Quote all entries exactly, leaving pictures aside.
********
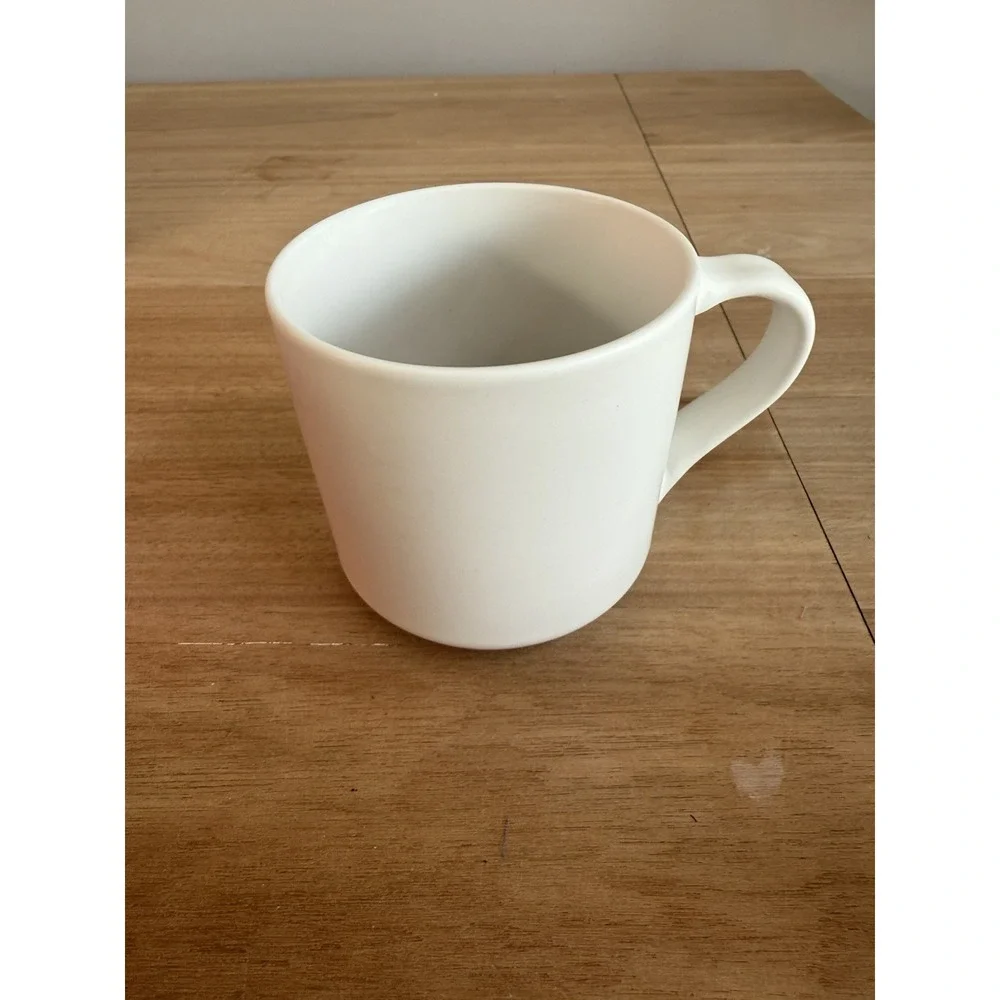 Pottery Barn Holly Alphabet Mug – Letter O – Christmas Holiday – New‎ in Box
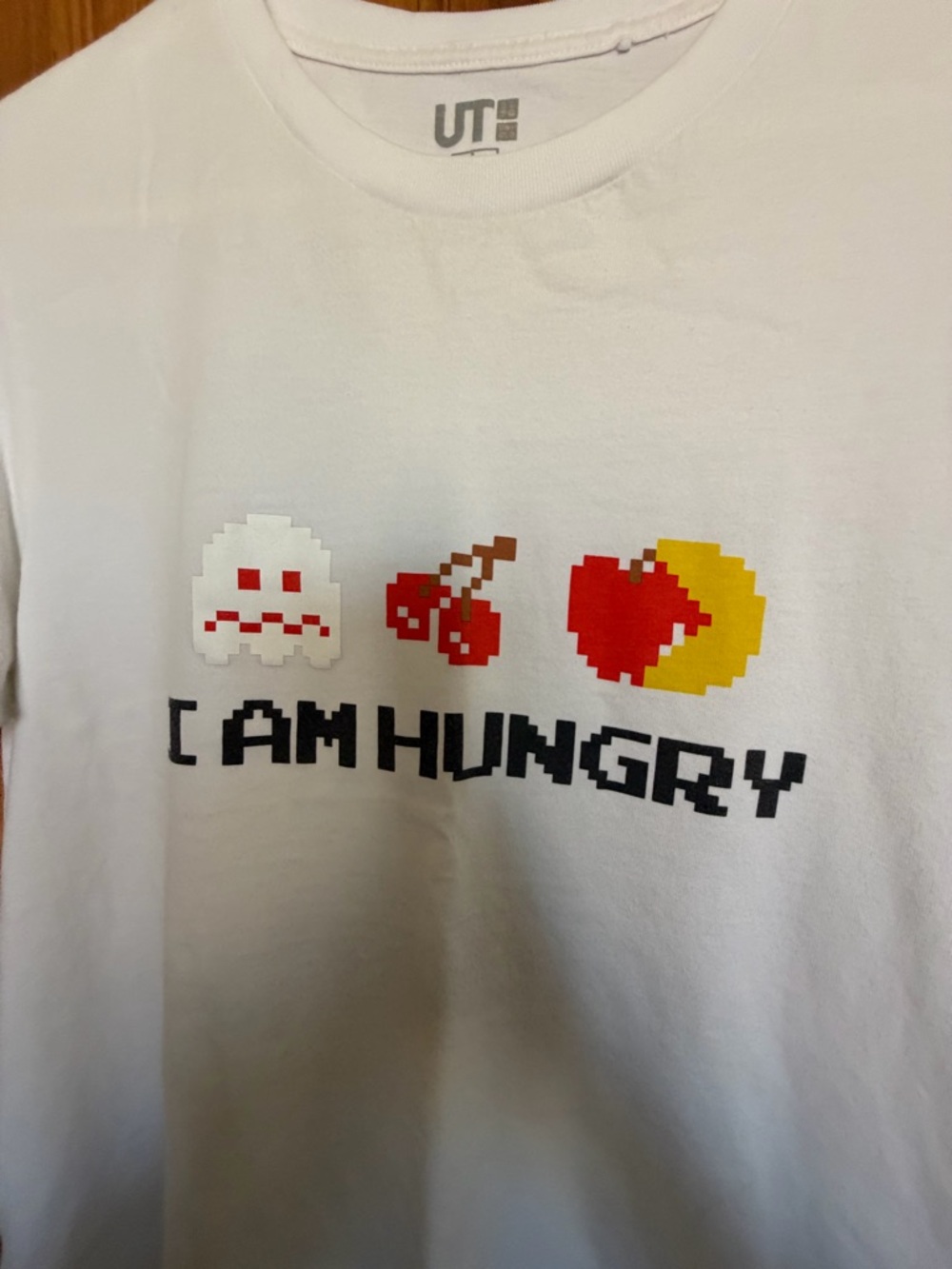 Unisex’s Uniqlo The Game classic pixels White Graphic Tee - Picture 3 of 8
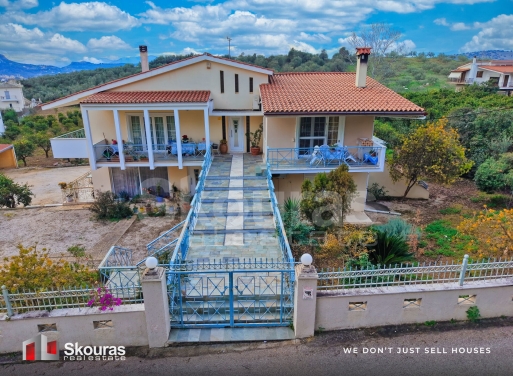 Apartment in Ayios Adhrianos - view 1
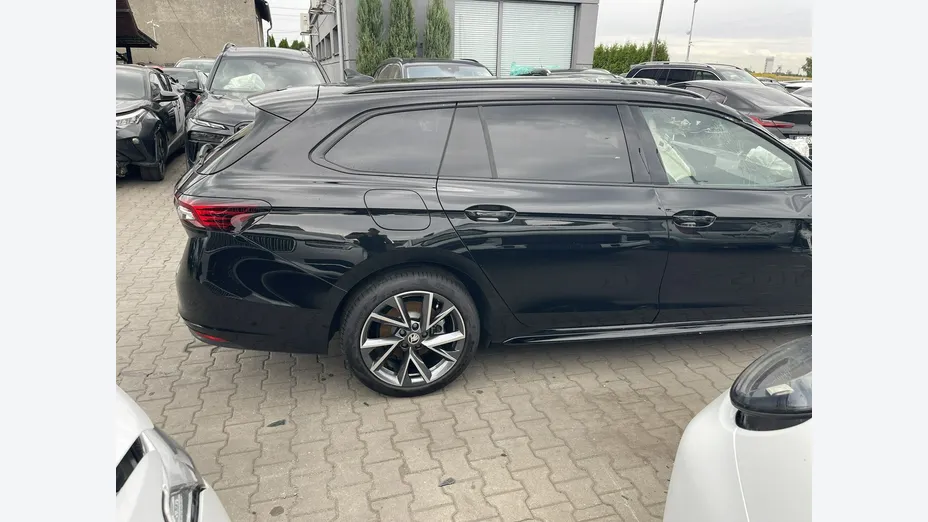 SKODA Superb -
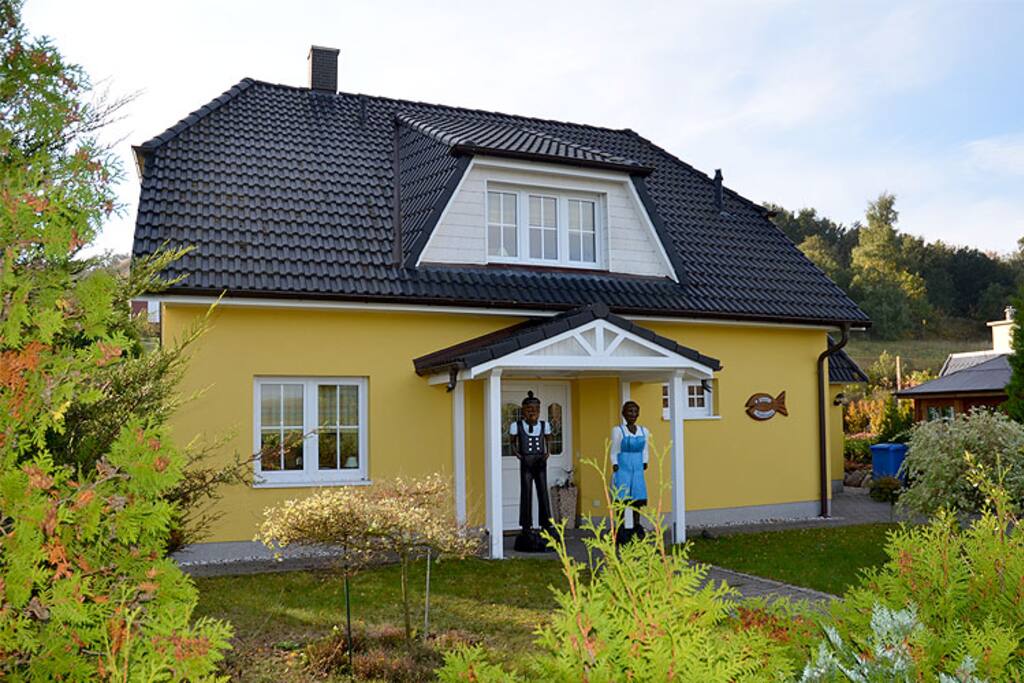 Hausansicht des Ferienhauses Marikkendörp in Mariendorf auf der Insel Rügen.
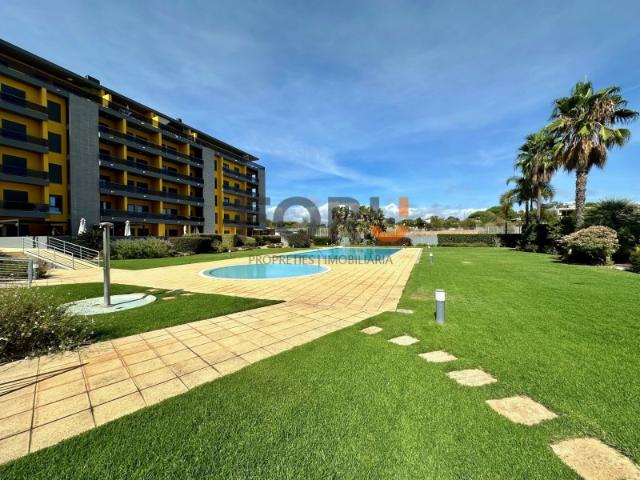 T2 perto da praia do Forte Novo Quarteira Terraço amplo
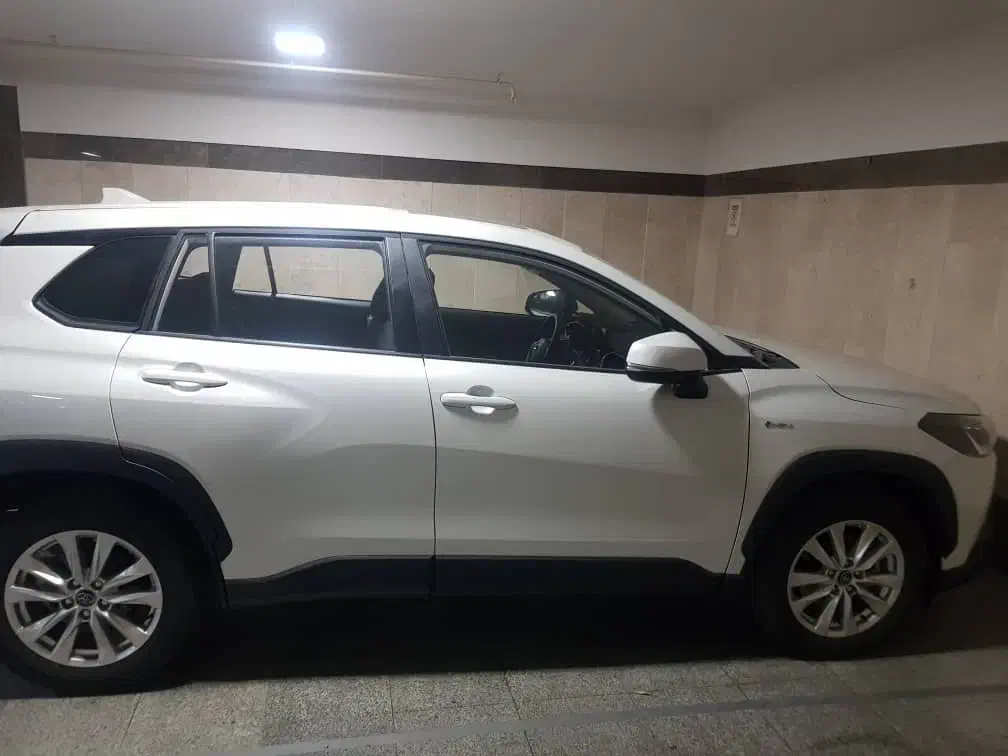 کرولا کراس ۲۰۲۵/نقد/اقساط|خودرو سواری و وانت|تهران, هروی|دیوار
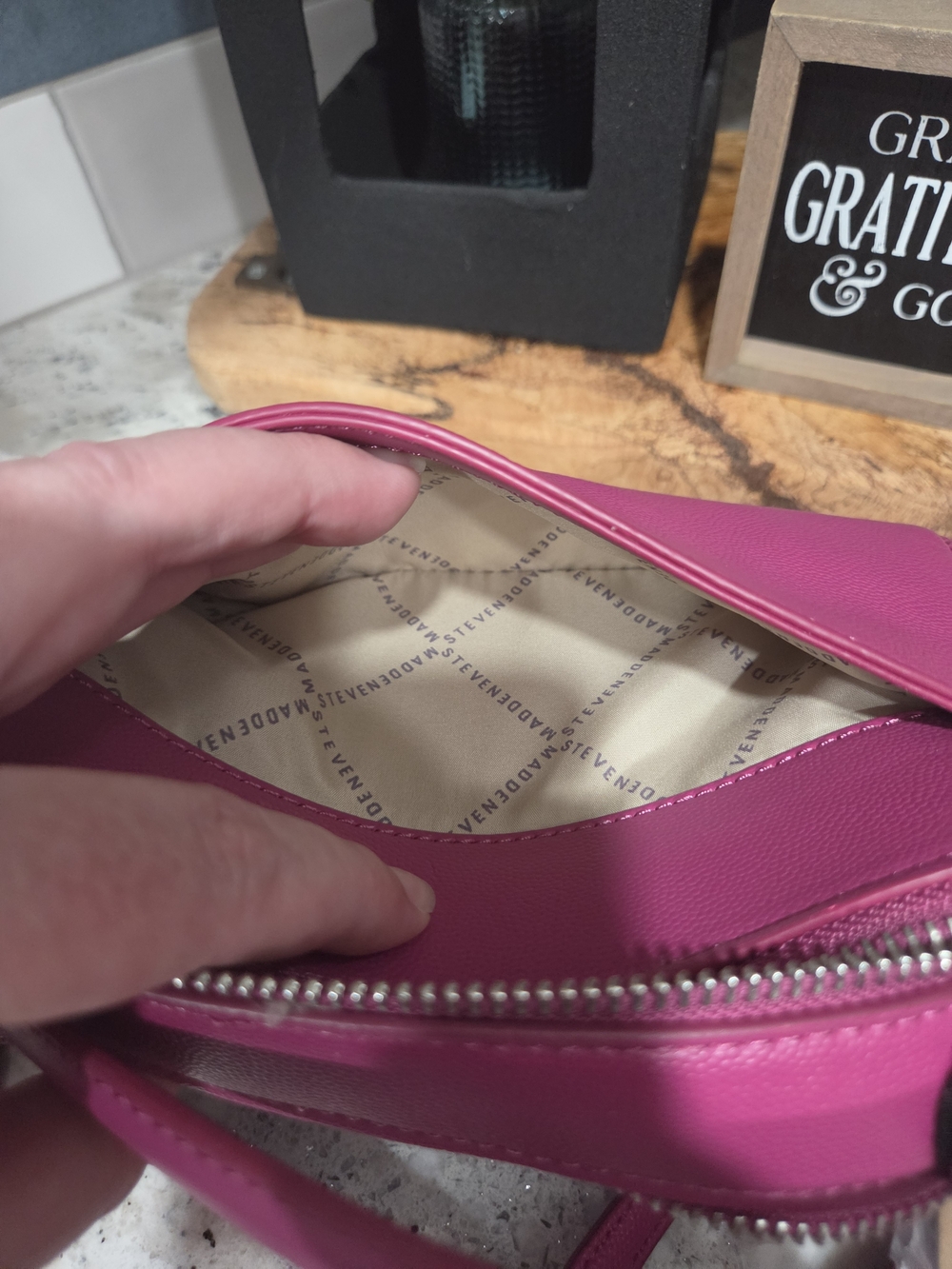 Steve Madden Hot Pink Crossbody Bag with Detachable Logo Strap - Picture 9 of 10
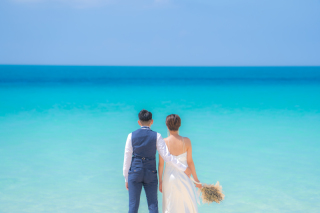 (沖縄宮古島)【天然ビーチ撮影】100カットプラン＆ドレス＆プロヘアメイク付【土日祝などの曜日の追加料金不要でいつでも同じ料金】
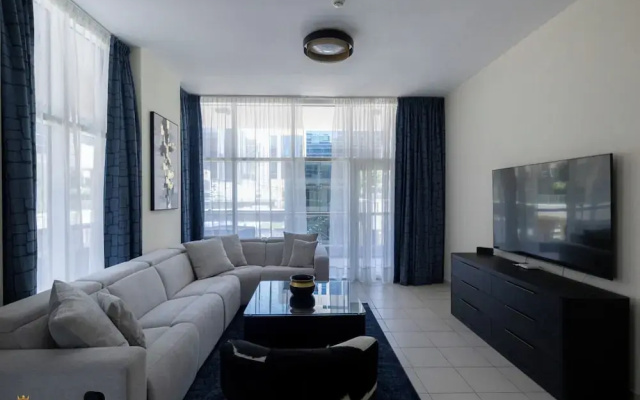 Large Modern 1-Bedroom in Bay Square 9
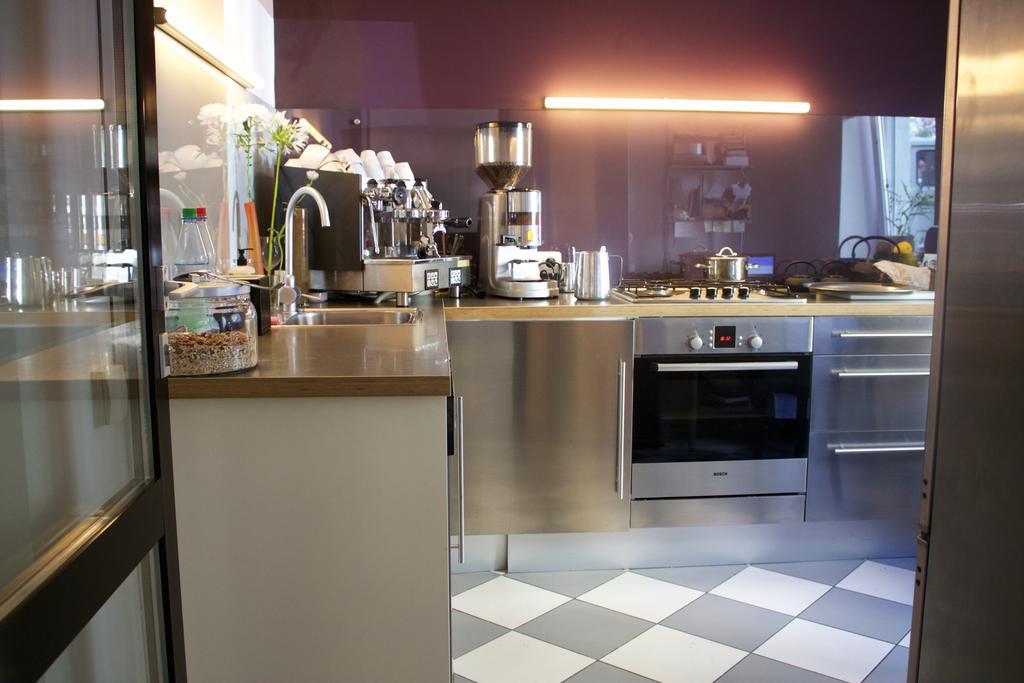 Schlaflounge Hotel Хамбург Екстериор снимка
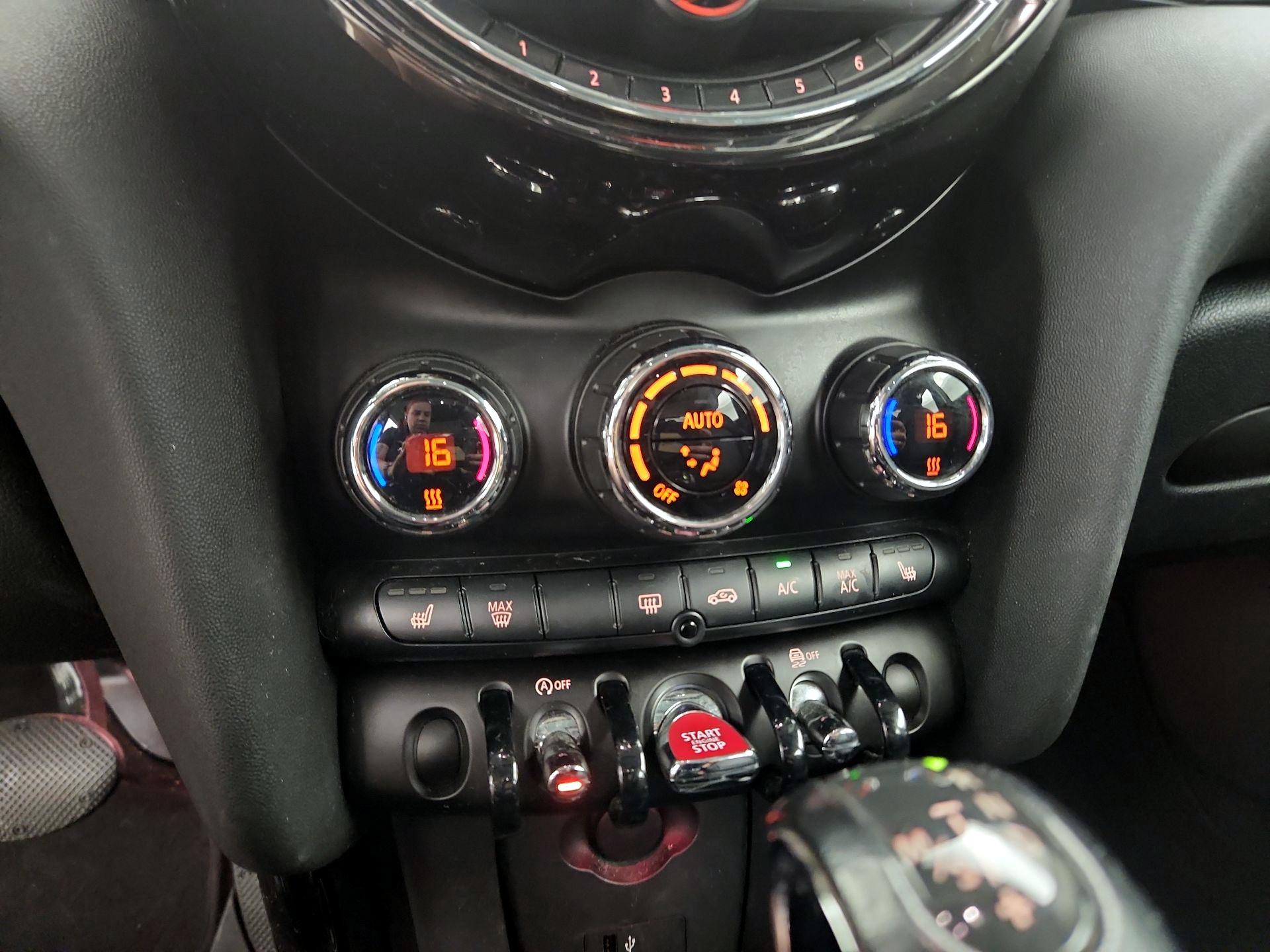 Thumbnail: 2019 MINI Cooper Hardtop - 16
********
*The answer:*
 Pottery Barn Holly Alphabet Mug – Letter O – Christmas Holiday – New‎ in Box
 Unisex’s Uniqlo The Game classic pixels White Graphic Tee - Picture 3 of 8
 Apartment in Ayios Adhrianos - view 1
 SKODA Superb -
 Hausansicht des Ferienhauses Marikkendörp in Mariendorf auf der Insel Rügen.
 T2 perto da praia do Forte Novo Quarteira Terraço amplo
 کرولا کراس ۲۰۲۵/نقد/اقساط|خودرو سواری و وانت|تهران, هروی|دیوار
 Steve Madden Hot Pink Crossbody Bag with Detachable Logo Strap - Picture 9 of 10
 (沖縄宮古島)【天然ビーチ撮影】100カットプラン＆ドレス＆プロヘアメイク付【土日祝などの曜日の追加料金不要でいつでも同じ料金】
 Large Modern 1-Bedroom in Bay Square 9
 Schlaflounge Hotel Хамбург Екстериор снимка
 Thumbnail: 2019 MINI Cooper Hardtop - 16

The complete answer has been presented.